### Source data
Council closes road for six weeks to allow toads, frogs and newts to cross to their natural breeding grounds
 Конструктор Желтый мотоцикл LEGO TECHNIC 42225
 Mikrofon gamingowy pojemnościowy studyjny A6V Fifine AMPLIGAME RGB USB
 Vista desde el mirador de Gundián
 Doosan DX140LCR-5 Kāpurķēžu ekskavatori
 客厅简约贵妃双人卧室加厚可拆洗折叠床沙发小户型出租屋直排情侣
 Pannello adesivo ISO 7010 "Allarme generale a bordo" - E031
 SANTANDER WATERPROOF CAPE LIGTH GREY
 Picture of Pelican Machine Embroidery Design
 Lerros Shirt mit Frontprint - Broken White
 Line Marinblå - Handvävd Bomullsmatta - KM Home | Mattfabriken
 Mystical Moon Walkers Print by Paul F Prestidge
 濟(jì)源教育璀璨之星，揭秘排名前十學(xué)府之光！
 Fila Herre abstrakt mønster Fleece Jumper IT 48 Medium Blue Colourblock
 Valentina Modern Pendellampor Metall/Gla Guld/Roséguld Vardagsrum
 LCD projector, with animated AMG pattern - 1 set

### Directions
The line containing "客厅简约贵妃双人卧室加厚可拆洗折叠床沙发小户型出租屋直排情侣" and every line after it, through the end of the records, should be repeated exactly and alone.

### Solution below
 客厅简约贵妃双人卧室加厚可拆洗折叠床沙发小户型出租屋直排情侣
 Pannello adesivo ISO 7010 "Allarme generale a bordo" - E031
 SANTANDER WATERPROOF CAPE LIGTH GREY
 Picture of Pelican Machine Embroidery Design
 Lerros Shirt mit Frontprint - Broken White
 Line Marinblå - Handvävd Bomullsmatta - KM Home | Mattfabriken
 Mystical Moon Walkers Print by Paul F Prestidge
 濟(jì)源教育璀璨之星，揭秘排名前十學(xué)府之光！
 Fila Herre abstrakt mønster Fleece Jumper IT 48 Medium Blue Colourblock
 Valentina Modern Pendellampor Metall/Gla Guld/Roséguld Vardagsrum
 LCD projector, with animated AMG pattern - 1 set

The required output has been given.